The story begins with the assault of Kristi Moore, a softball umpire. A parent was ejected, and it sounds rightfully so. The parent met the umpire after the game and punched her right after she walked off the field. Kristi wonders what might have happened if the parent had a weapon, and it’s not a stretch to worry about something like that.

I’ve never been assaulted while umpiring baseball and softball games, but there were a few times where it very well could have happened. I’ve had parents and coaches rush me on the field, and I think the only thing that kept them from harming me was being able and willing to stand my ground and project power.

There have been multiple instances where law enforcement had to escort me and other umpires off the field and to our vehicles because an unruly mob wanted at us. One time in particular at a local high school baseball game, I genuinely believe that had it not been for the deputy and police officer standing between us, my partner and I would have been assaulted by a mob of people. You have to wonder how many people in that situation would have went home, reflected, and decided that officiating more games simply wasn’t worth it. I called for several more years after that incident, and experienced a few similar ones along the way.

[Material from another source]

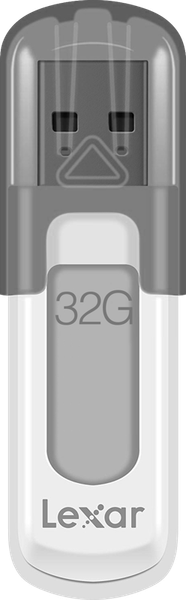 Lexar JumpDrive V100 (USB 3.0) 32GB zdjęcie 1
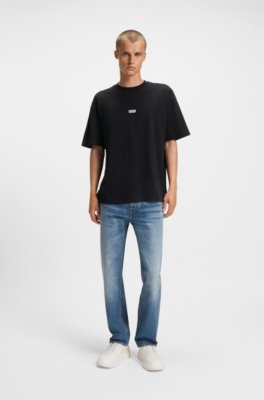 Hugo T-shirt 'Nalono' herr – bild 4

I’ve had games where I’ve made bad calls, they’re going to happen, especially when there’s not enough officials (or another competent official) on the field to get all of the angles. These instances where coaches and parents have been downright terrible though? Those are generally times when my calls have been correct, surprisingly enough.

These people rain down abuse on the officials, and sometimes the coaches can be the worst of the bunch. Occasionally you have problem players, but in my experience it’s rare that they’re the issue. You have to wonder why these coaches are allowed back each year despite their terrible behavior, even if they didn’t actually put their hands on an official. I personally witnessed a coach threaten a teenage umpire and the coach had to be held back from assaulting them. If that coach received any punishment for their actions, I’m not aware of it, and they were right back at it coaching in their next game.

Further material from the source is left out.